#### Image-caption web data

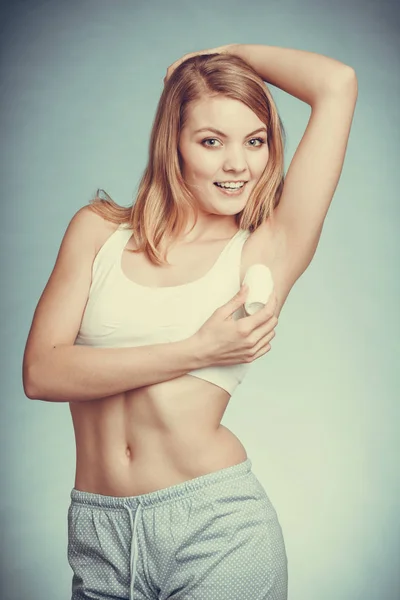 Flicka tillämpa stick deodorant i armhålan. — Stockfoto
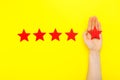 5 stars increase rating, customer experience concept. Hand of client show putting 5 star symbol to increase Service rating. five Royalty Free Stock Photo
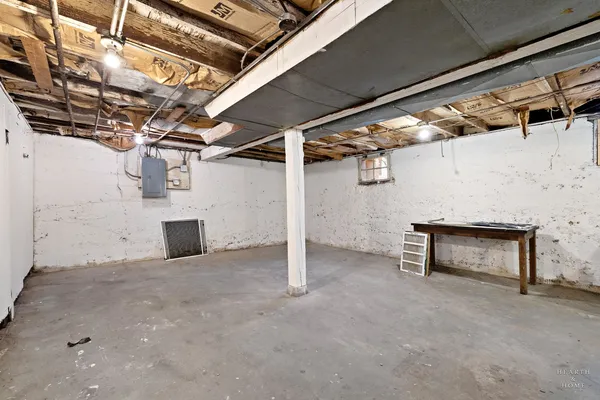 a view of a room with wooden walls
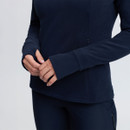 Close-up of the navy LeMieux women’s fleece showing fitted shaping, concealed side zip pocket and extended sleeve cuffs.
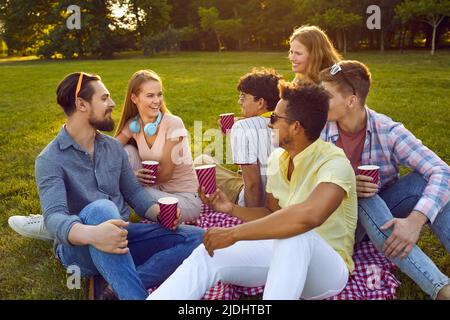 Felici amici multietnici seduti sul prato verde con coppe di carta nella giornata estiva soleggiata. Foto Stock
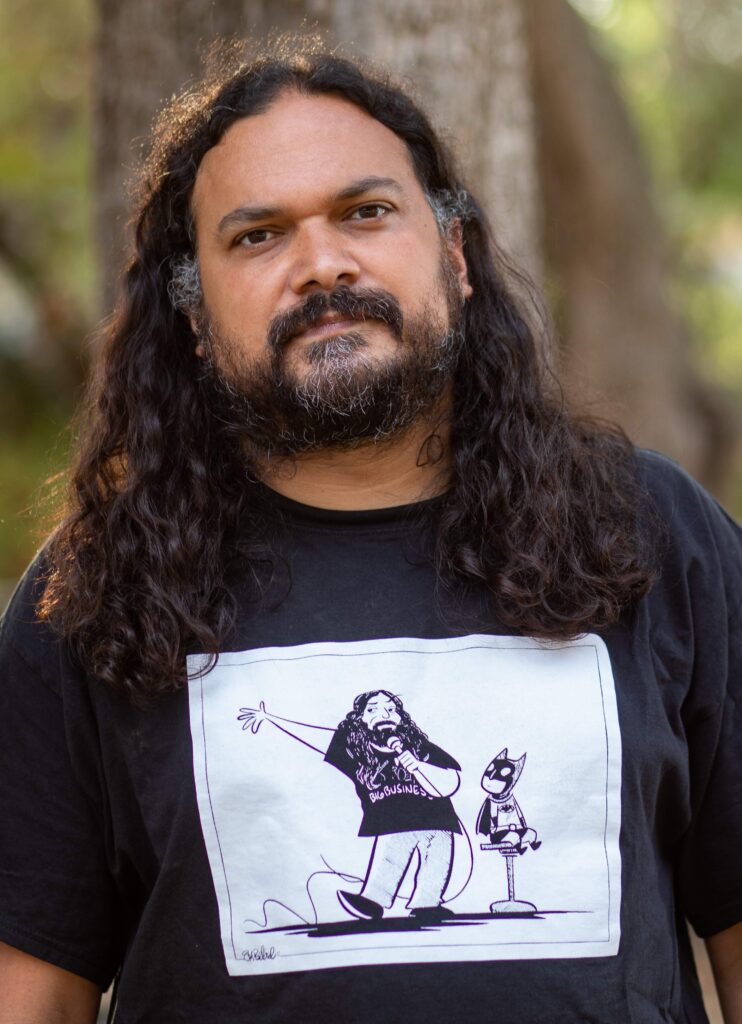 A Hispanic male with long black hair, a slightly graying black beard with a black shirt bearing a cartoon of himself telling standup comedy jokes stares intensely into the camera standing in a park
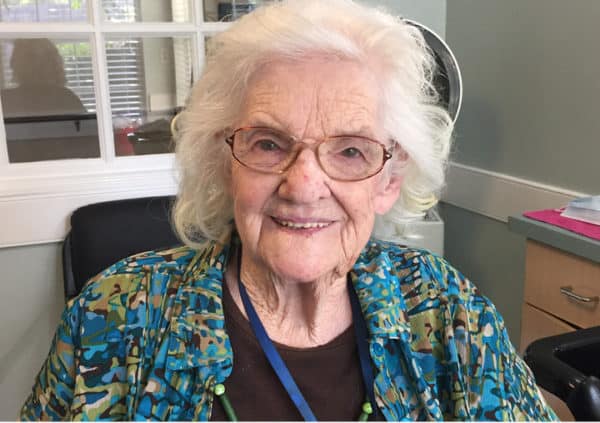 A smiling resident at senior living facility in Anderson, South Carolina enjoys her new hairstyle.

#### Problem description
Beginning with the line that holds "Felici amici multietnici", return each line through the end of the records above exactly. Do not include pictures.

#### Answer to this exercise
 Felici amici multietnici seduti sul prato verde con coppe di carta nella giornata estiva soleggiata. Foto Stock
 A Hispanic male with long black hair, a slightly graying black beard with a black shirt bearing a cartoon of himself telling standup comedy jokes stares intensely into the camera standing in a park
 A smiling resident at senior living facility in Anderson, South Carolina enjoys her new hairstyle.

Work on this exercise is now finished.